Australia’s $4 trillion super sector is as exposed to the US market as it has ever been, with allocations to international shares hovering around 30 per cent for most large funds.
Foreign investors – including our super funds – are selling, but they haven’t really started to unwind the $US16 trillion ($26 trillion) position they have built up in US stocks. Hartnett says that for every $100 of inflows into the US market since Trump’s election victory last November, there has been less than $1 of outflows in recent weeks.
“Global investors are not anywhere close to short US or global equities,” Hartnett says. “Bad news could have bigger impact than good news.”
In other words, bad news on tariffs on April 2 – and the Bank of America view is that tariffs jump from an average of 2 per cent or 3 per cent to about 10 per cent – is still not priced into markets, even after the S&P 500 correction.
Investors are going to have a hell of a lot to chew on over the next week or so.

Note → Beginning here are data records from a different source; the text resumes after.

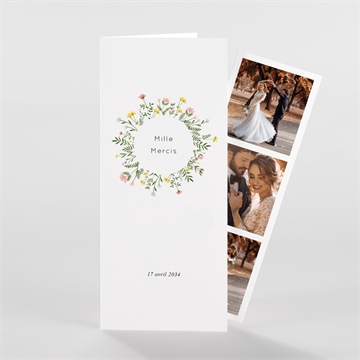 Remerciement mariage joie champetre - Devant de la carte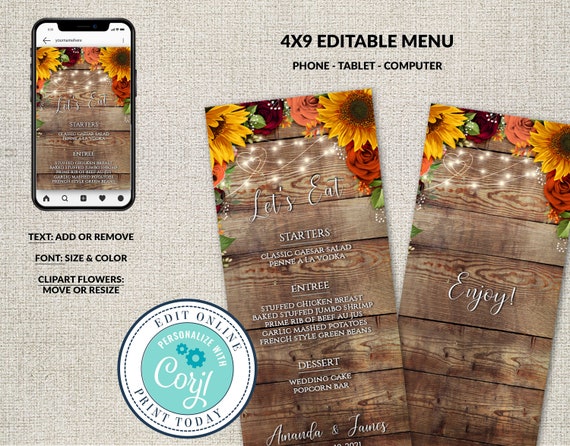 Wedding Cards, Weddng Menu, Printable Menu, Rustic Fall Sunflowers Roses Menu Tempalte, Dinner Menu, Edit in Corjl, Customizable Il_570xn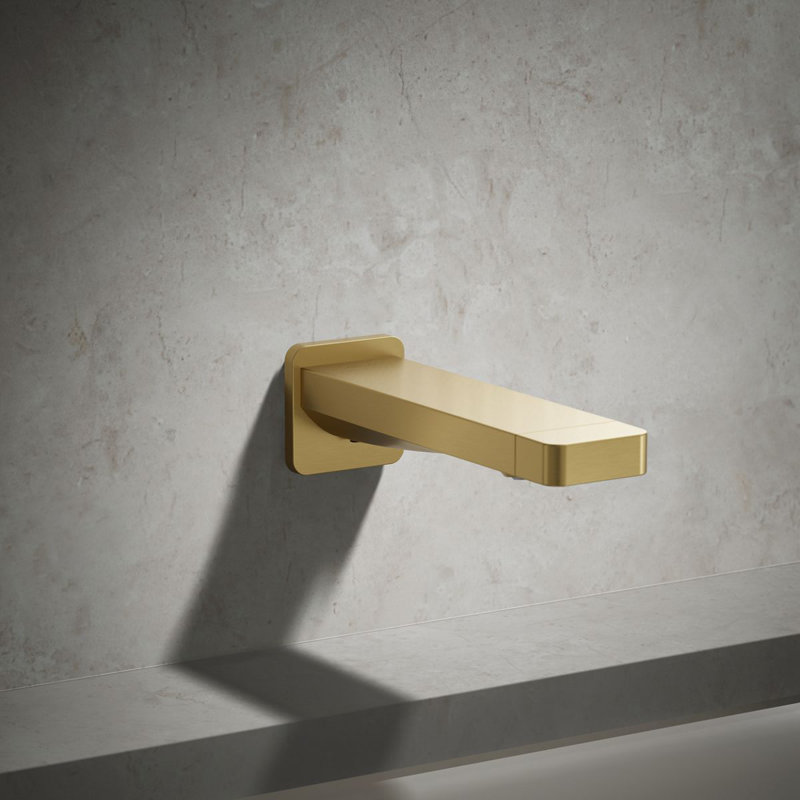 Parallel Wall Mounted Tub Spout Trim, Vibrant Brushed Moderne Brass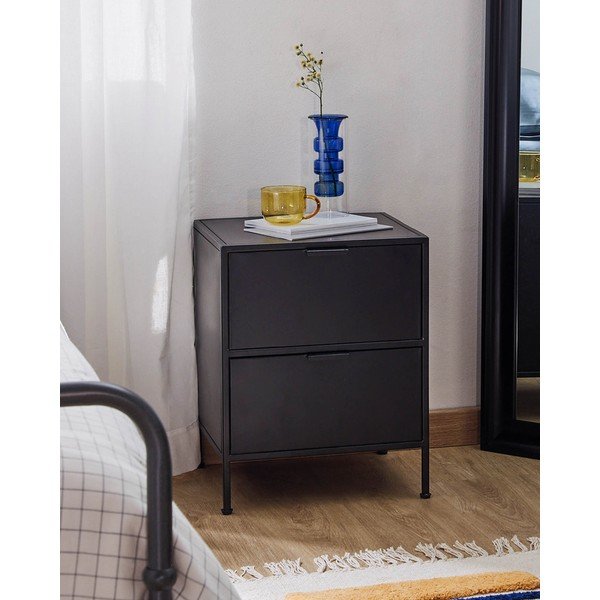Czarna stalowa szafka nocna Shantay – Kave Home-image-1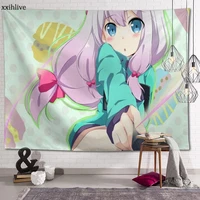 wall tapestry japanese anime eromanga sensei background decorative wall hanging for living room bedroom dorm room home decor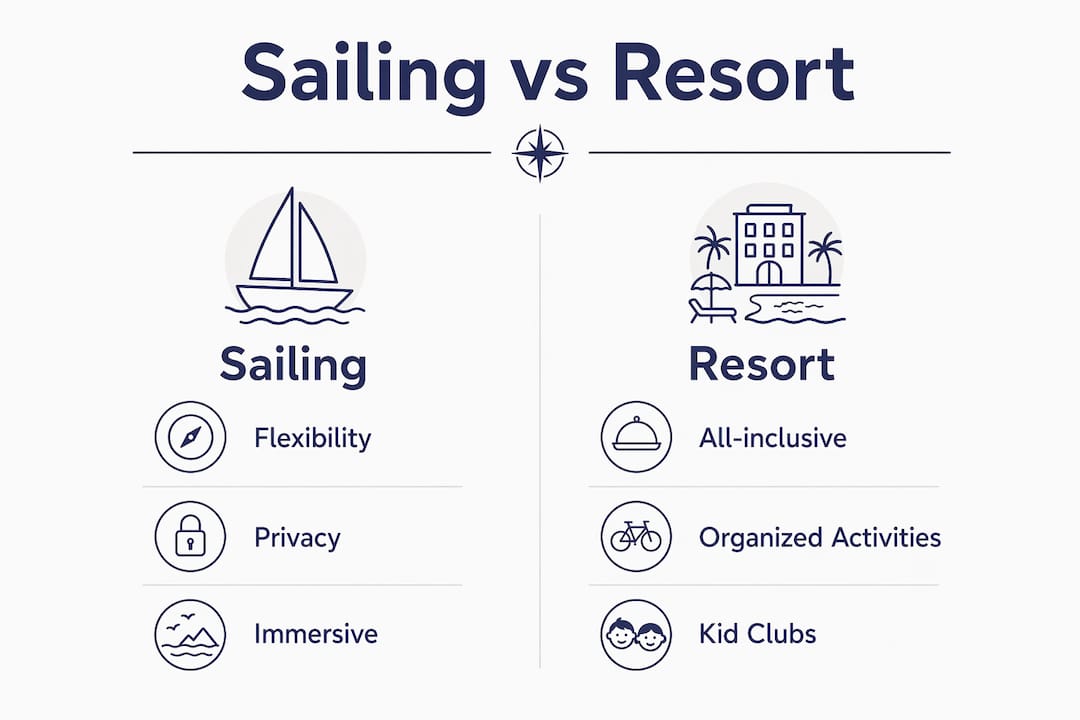 Infographic comparing sailing and resort family holidays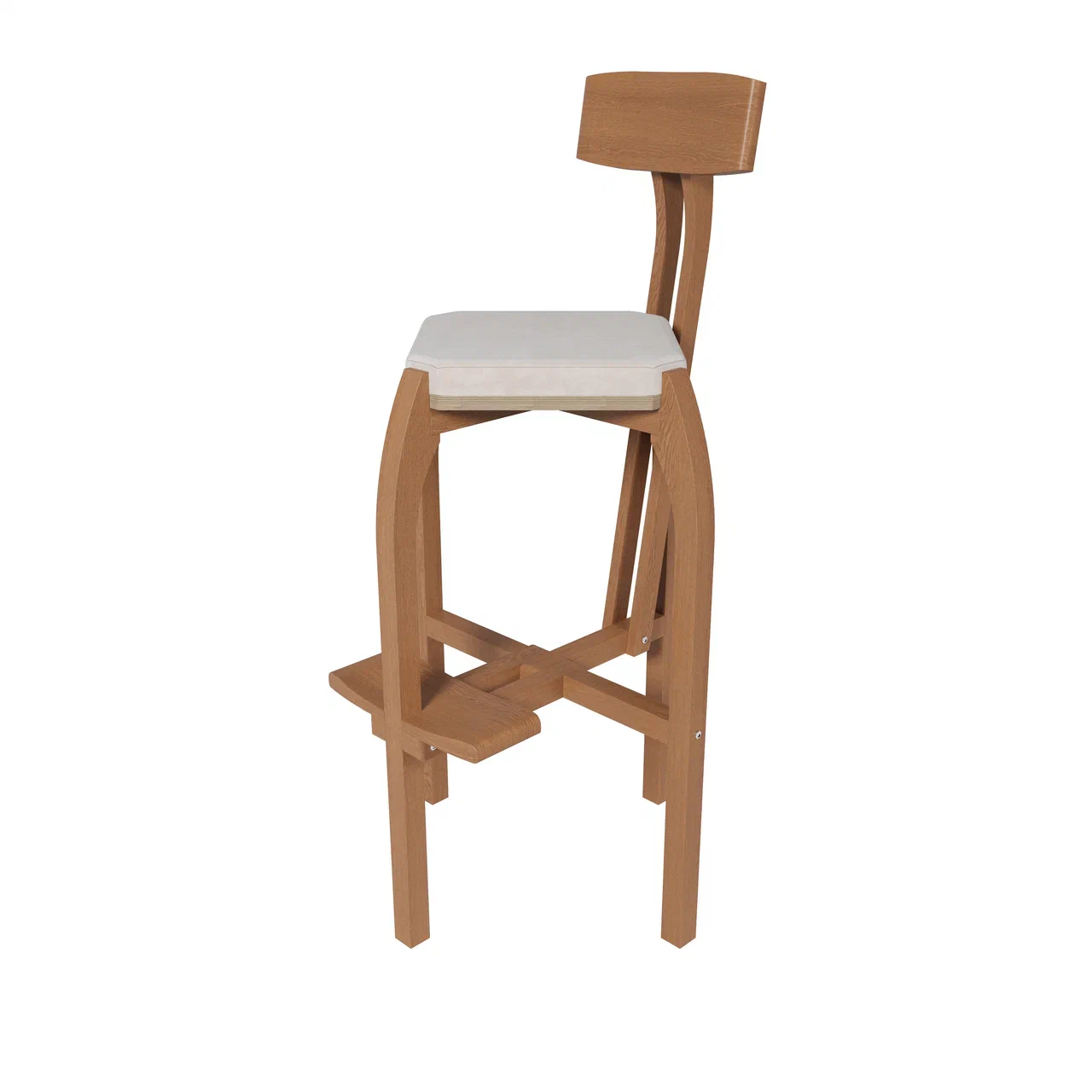 Барный стул HITE с мягким сидением / Стул барный со спинкой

A well-sourced Bloomberg report on Sunday suggested the reciprocal tariffs could be more targeted than the market fears, with some exemptions possible for countries that Trump doesn’t think “cheat” on America.
But Trump and his inner circle are still talking about raising trillions of dollars from tariffs over the next decade, and tariffs do appear to be a part of a broader plan to use a combination of sticks and carrots to reduce the US budget deficit by re-imagining America’s position in the world.